**WHAT YOU ARE ASKED TO DO:** What is needed is an exact copy of the records, with the images left out.

**DATA UNDER STUDY:**
- Opening Delimiter -

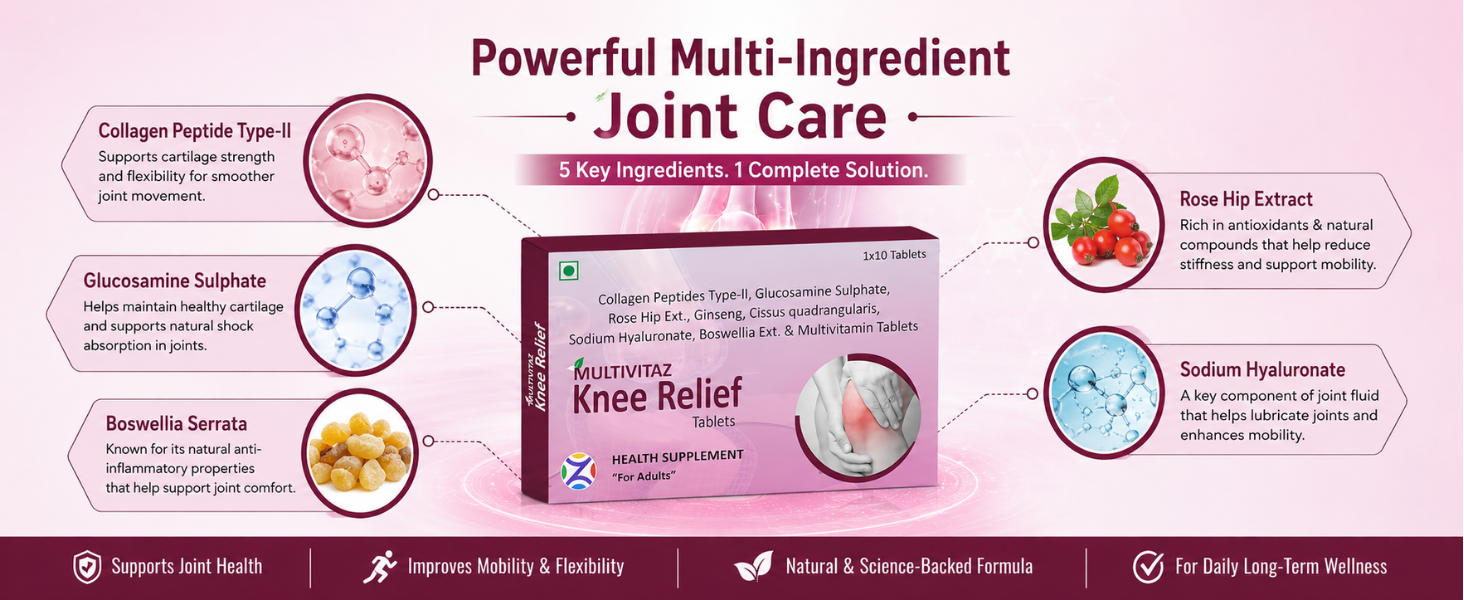 Advanced Joint Pain Support Supplement with Collagen Peptide Type-II, Glucosamine Sulphate, Boswellia Serrata & Rose Hip Extract | Mobility & Cartilage Support Supplement for Adults (30 Tablets)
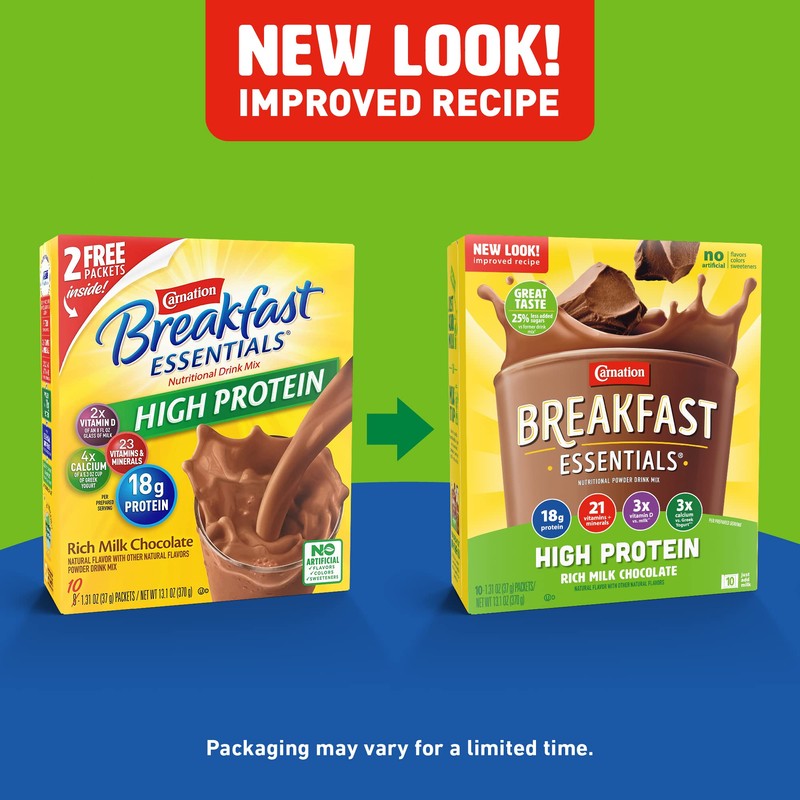 Carnation Breakfast Essentials High Protein Powder Drink Mix, Rich Milk
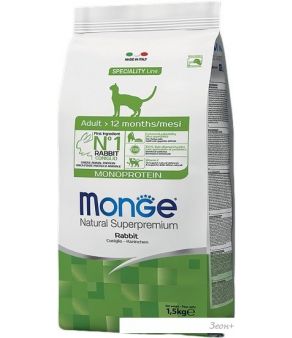 Сухой корм для кошек Monge Monoprotein Adult Rabbit 10 кг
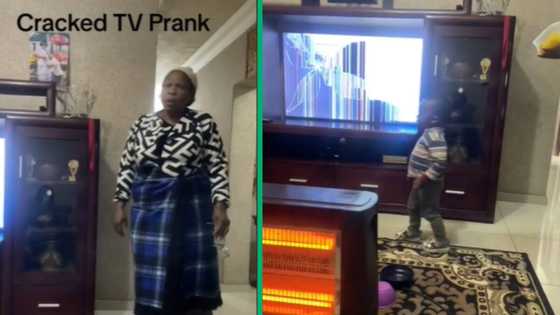 Gogo panicks over cracked TV prank, screams: Hilarious viral TikTok video has Mzansi howling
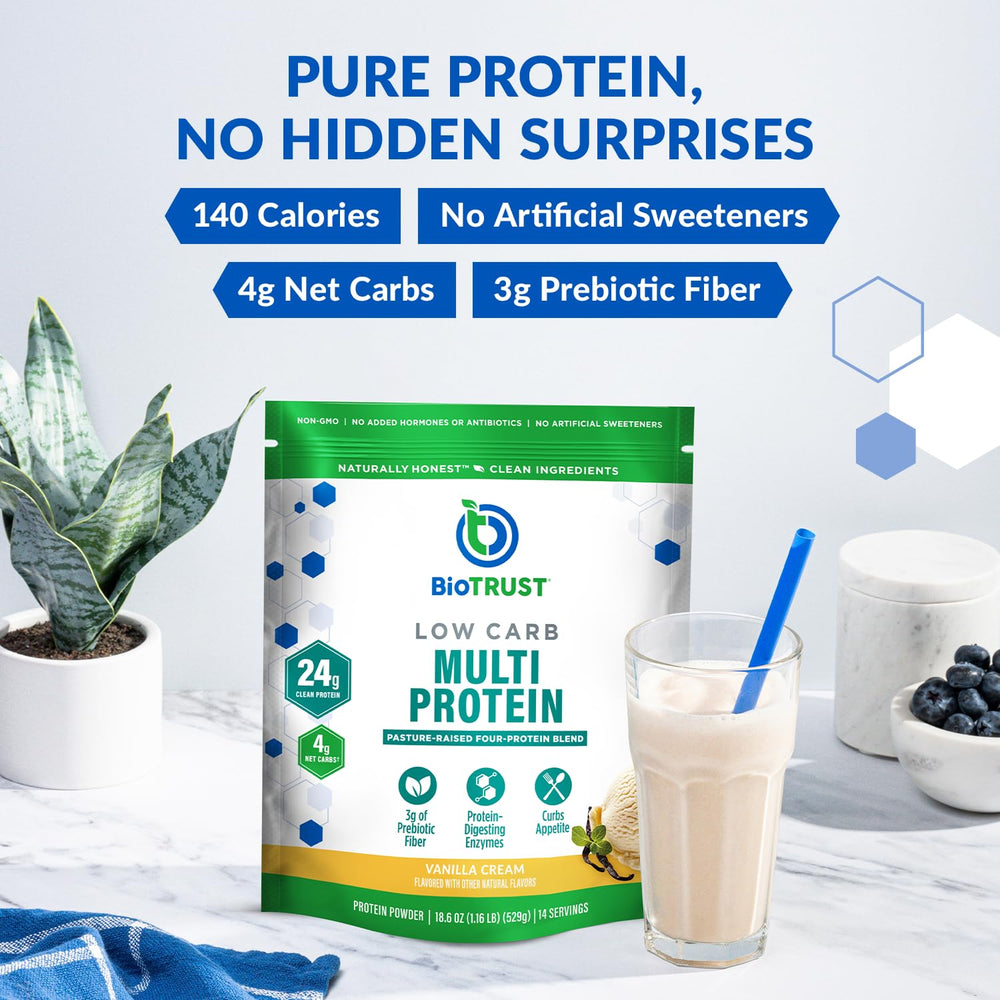Close-up of BioTrust Low Carb Protein Powder container highlighting premium blend.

- Closing Delimiter -

**ANSWER FOR THE TASK:**
 Advanced Joint Pain Support Supplement with Collagen Peptide Type-II, Glucosamine Sulphate, Boswellia Serrata & Rose Hip Extract | Mobility & Cartilage Support Supplement for Adults (30 Tablets)
 Carnation Breakfast Essentials High Protein Powder Drink Mix, Rich Milk
 Сухой корм для кошек Monge Monoprotein Adult Rabbit 10 кг
 Gogo panicks over cracked TV prank, screams: Hilarious viral TikTok video has Mzansi howling
Close-up of BioTrust Low Carb Protein Powder container highlighting premium blend.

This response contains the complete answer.